- [EXERCISE REQUIREMENTS]: Locate the line that contains "收藏联盟Quantum Auction 第182期拍卖" in the entries below, then repeat it and every following line through the line that contains "Perch and Parrow", exactly, and no others.

- [INFORMATION GIVEN]:
Content starts
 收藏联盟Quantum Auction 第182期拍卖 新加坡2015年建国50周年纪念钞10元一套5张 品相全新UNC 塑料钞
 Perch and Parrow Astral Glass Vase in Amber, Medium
Content ends
Content starts
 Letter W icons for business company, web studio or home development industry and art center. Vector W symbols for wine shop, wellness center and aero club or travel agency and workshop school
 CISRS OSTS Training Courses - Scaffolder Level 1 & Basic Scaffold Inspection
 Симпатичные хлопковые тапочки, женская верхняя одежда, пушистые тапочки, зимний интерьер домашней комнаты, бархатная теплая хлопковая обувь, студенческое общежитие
Content ends
- [PROBLEM SOLUTION]:
 收藏联盟Quantum Auction 第182期拍卖 新加坡2015年建国50周年纪念钞10元一套5张 品相全新UNC 塑料钞
 Perch and Parrow Astral Glass Vase in Amber, Medium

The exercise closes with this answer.